• Data to examine:
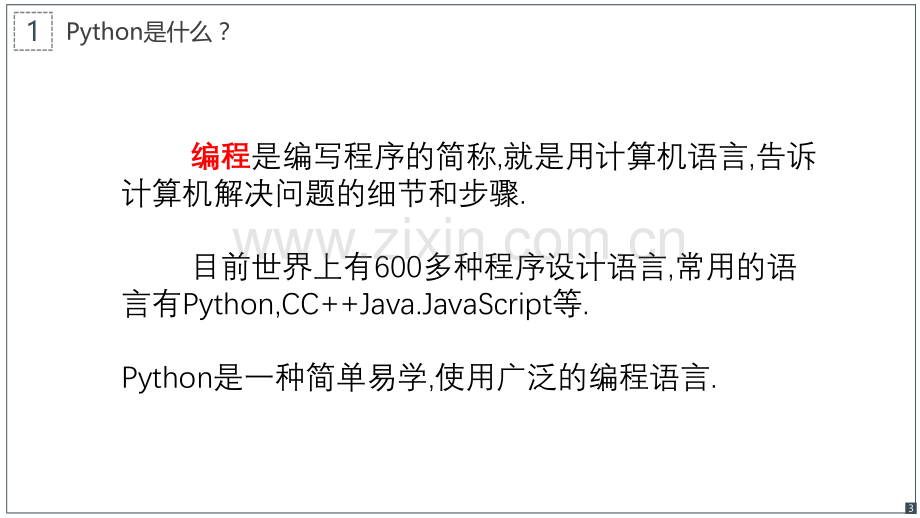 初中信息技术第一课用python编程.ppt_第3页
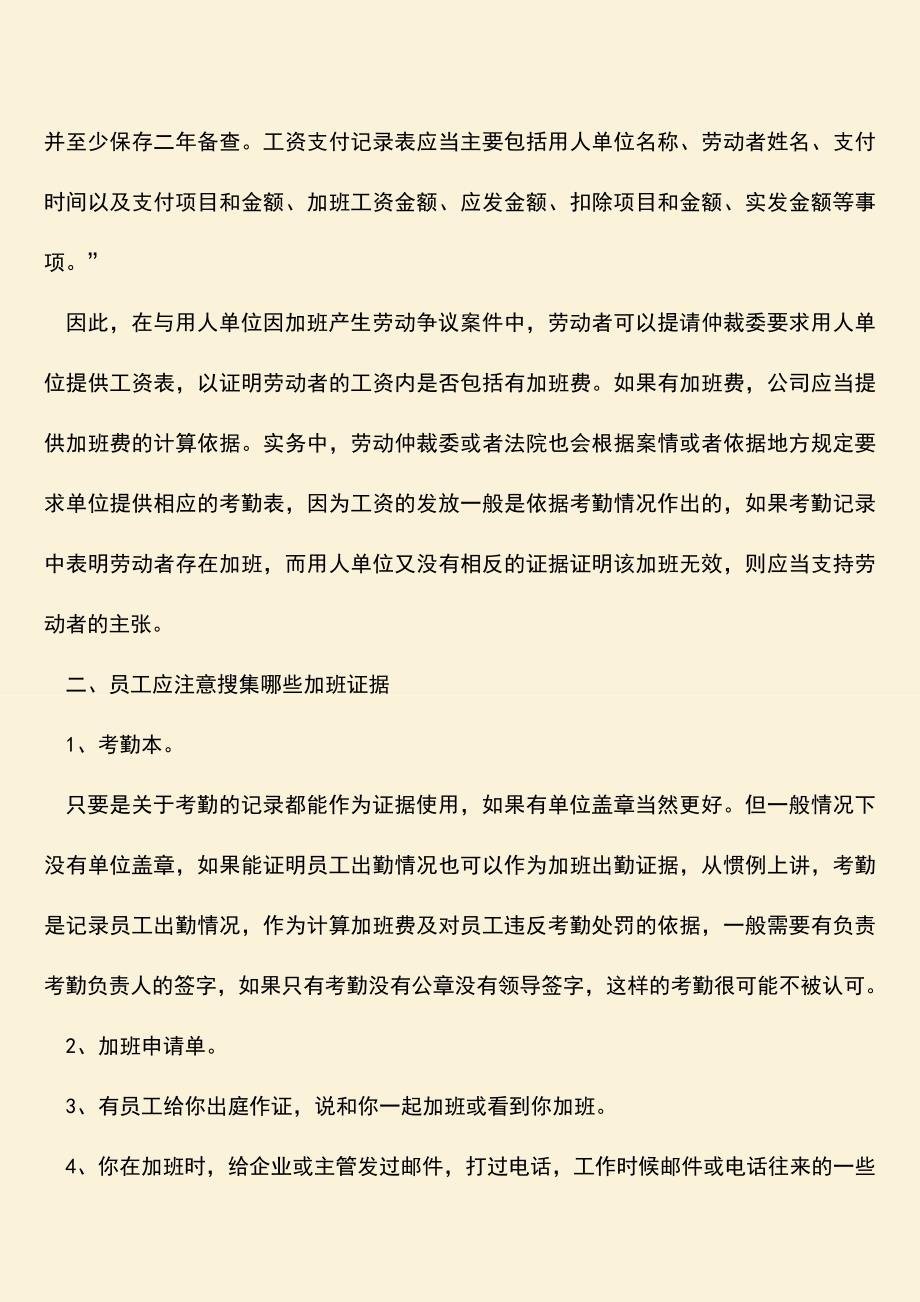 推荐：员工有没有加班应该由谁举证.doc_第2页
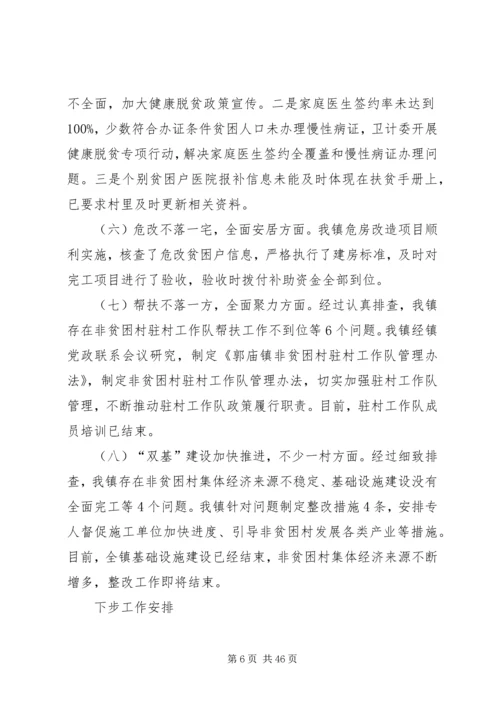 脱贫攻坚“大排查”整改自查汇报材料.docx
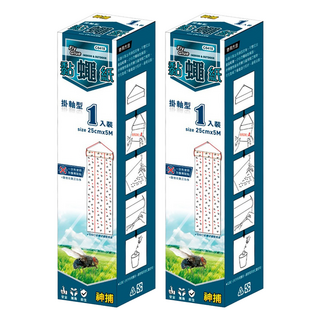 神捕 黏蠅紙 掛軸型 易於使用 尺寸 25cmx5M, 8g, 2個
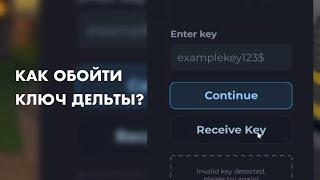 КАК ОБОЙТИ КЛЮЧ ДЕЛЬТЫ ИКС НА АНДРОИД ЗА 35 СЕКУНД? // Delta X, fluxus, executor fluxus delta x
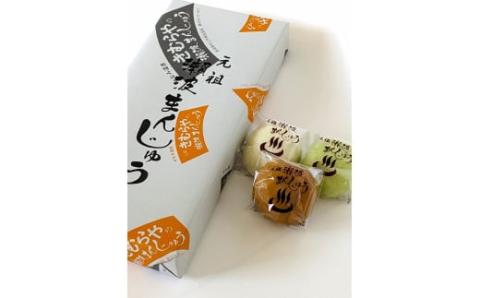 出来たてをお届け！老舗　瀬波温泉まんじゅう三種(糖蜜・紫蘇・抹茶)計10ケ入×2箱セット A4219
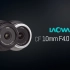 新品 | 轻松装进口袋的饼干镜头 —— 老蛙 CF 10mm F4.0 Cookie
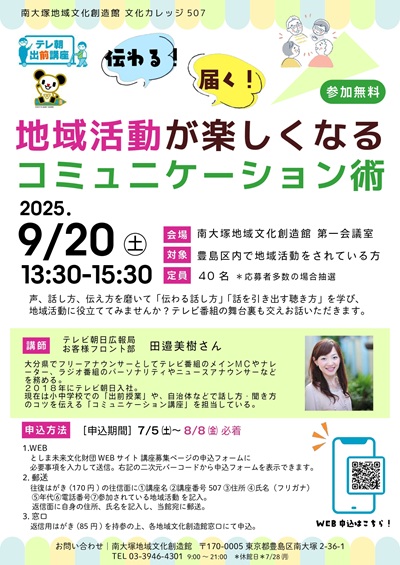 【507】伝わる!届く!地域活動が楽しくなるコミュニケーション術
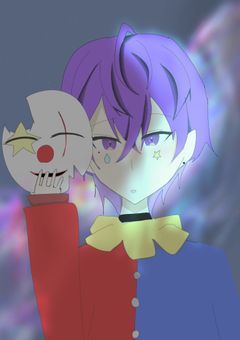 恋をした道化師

• Your instructions: Transcribe all of the data above exactly; no picture belongs in the copy.

• Answer space:
 初中信息技术第一课用python编程.ppt_第3页
 推荐：员工有没有加班应该由谁举证.doc_第2页
 脱贫攻坚“大排查”整改自查汇报材料.docx
 神捕 黏蠅紙 掛軸型 易於使用 尺寸 25cmx5M, 8g, 2個
 КАК ОБОЙТИ КЛЮЧ ДЕЛЬТЫ ИКС НА АНДРОИД ЗА 35 СЕКУНД? // Delta X, fluxus, executor fluxus delta x
 出来たてをお届け！老舗　瀬波温泉まんじゅう三種(糖蜜・紫蘇・抹茶)計10ケ入×2箱セット A4219
 新品 | 轻松装进口袋的饼干镜头 —— 老蛙 CF 10mm F4.0 Cookie
 【507】伝わる!届く!地域活動が楽しくなるコミュニケーション術
 恋をした道化師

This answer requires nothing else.